As parents we pledged ourselves early in our married life to the shaping of our children's future. We ourselves did not have all the opportunities of a good education, but we knew that our junior partners would not be deprived of the pursuit of excellence. So we planned early the kind of program our children would have: a Christian education in which the academic and the spiritual, the now and the hereafter, would be nurtured. Our children grew up with Christian education, sustained by a strong home base, and supported by a caring church. Even in preschool days, the family provided the kids with picture books, drawing pads, a chalkboard, and musical instruments to cultivate their talents. The Sabbath school provided an educational medium too. When our children entered high school, they were already translating and teaching Sabbath school lessons. In college we encouraged them to get involved in spiritual, scientific, physical, and social activities. We applauded their triumphs; we shared their defeats; we were there when they needed us, for whatever the reason.
Christian education was costly, but worth everything we invested in it. It helped in the shaping of lives, in the molding of characters, in deciding for eternity. It helped us to experience the fulfillment of the promise made long ago: "Be nigh unto the Lord our God day and night, that he maintain the cause of his people ... at all times" (1 Kings 8:59).
The institution of the family, like the Sabbath, had its origin in Eden. Before sin ruptured relationships and brought in the thorn and the thistle, home arrived on the earthly scene as a divine gift. The gift is forever, and like the Sabbath, the family partnership will transcend the barriers of time and find itself rooted in eternity once again. The family is a holy partnership, and by God's grace it can be forever.
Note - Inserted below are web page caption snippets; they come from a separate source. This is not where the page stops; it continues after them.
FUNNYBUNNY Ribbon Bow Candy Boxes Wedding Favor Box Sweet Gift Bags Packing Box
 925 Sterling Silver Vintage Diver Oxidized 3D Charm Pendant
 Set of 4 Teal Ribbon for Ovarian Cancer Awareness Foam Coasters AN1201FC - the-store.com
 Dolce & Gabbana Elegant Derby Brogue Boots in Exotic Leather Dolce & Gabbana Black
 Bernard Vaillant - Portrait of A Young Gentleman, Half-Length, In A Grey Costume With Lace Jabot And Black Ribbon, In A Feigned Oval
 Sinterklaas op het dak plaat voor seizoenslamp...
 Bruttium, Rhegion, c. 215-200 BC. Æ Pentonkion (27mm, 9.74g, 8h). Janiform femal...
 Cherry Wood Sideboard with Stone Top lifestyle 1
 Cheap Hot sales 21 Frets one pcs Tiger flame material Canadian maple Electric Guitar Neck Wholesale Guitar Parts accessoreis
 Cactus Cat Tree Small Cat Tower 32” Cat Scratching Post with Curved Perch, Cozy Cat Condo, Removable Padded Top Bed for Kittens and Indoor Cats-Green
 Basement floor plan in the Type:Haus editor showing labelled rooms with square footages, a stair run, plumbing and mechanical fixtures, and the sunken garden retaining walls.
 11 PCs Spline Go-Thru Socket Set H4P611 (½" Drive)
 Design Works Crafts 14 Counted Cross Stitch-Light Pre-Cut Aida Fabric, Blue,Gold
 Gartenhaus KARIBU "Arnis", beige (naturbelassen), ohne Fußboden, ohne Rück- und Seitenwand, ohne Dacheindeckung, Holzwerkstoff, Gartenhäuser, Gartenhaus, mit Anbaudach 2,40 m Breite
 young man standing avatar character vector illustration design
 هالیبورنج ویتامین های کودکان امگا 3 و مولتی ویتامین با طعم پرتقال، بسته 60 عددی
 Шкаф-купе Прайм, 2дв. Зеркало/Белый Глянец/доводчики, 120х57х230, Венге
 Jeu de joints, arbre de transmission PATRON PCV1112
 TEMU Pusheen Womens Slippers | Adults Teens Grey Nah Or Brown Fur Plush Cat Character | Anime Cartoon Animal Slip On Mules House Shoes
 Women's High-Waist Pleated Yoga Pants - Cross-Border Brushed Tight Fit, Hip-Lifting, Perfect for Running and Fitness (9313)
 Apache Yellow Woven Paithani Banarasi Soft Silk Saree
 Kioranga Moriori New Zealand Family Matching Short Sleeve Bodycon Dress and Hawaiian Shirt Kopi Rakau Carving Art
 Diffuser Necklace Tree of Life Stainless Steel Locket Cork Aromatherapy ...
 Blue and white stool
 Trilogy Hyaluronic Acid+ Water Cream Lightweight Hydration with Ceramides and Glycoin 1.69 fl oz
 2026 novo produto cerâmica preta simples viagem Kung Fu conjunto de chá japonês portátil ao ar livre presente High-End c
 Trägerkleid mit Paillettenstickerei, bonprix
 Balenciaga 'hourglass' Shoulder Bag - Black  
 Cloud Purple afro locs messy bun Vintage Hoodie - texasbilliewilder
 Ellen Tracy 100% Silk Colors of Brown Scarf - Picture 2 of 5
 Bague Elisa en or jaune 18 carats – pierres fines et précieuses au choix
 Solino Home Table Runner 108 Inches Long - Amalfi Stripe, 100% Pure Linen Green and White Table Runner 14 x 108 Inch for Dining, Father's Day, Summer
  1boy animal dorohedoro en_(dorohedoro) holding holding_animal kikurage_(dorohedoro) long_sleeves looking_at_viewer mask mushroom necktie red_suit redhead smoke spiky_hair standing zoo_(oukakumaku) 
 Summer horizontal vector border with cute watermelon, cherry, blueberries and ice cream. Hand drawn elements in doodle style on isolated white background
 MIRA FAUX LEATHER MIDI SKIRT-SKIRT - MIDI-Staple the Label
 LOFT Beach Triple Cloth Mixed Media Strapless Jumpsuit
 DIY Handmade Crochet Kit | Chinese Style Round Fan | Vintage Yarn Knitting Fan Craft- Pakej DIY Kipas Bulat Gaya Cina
My wife and I have taken this concept seriously, and tried to build a home that could go into eternity. What we do with the home today will decide what it will be tomorrow and the day after. How our children reflect the values of Christian grace today will determine the contours of their development tomorrow: "The company they keep, the principles they adopt, the habits they form, will decide the question of their usefulness here and of their future destiny."3
1 Ellen G. White, The Desire of Ages (Mountain
View, Calif.: Pacific Press Pub. Assn., 1940), pp.
2 ____, The Adventist Home (Nashville:
Southern Pub. Assn., 1952), p. 36.
3 Ibid., p. 455.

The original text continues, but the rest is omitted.